# Task item
In the listing below, find the line containing "Angourie Blue 1" and the line containing "Increíble pareja de". Repeat exactly those two lines and every line between them, nothing more.

# Available data
-.-.-
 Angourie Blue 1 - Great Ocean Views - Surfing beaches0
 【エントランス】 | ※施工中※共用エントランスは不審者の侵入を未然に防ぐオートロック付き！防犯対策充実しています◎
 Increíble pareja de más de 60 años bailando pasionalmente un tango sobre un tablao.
-.-.-
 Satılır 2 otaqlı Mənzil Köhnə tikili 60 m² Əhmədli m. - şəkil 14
-.-.-
# Reply
 Angourie Blue 1 - Great Ocean Views - Surfing beaches0
 【エントランス】 | ※施工中※共用エントランスは不審者の侵入を未然に防ぐオートロック付き！防犯対策充実しています◎
 Increíble pareja de más de 60 años bailando pasionalmente un tango sobre un tablao.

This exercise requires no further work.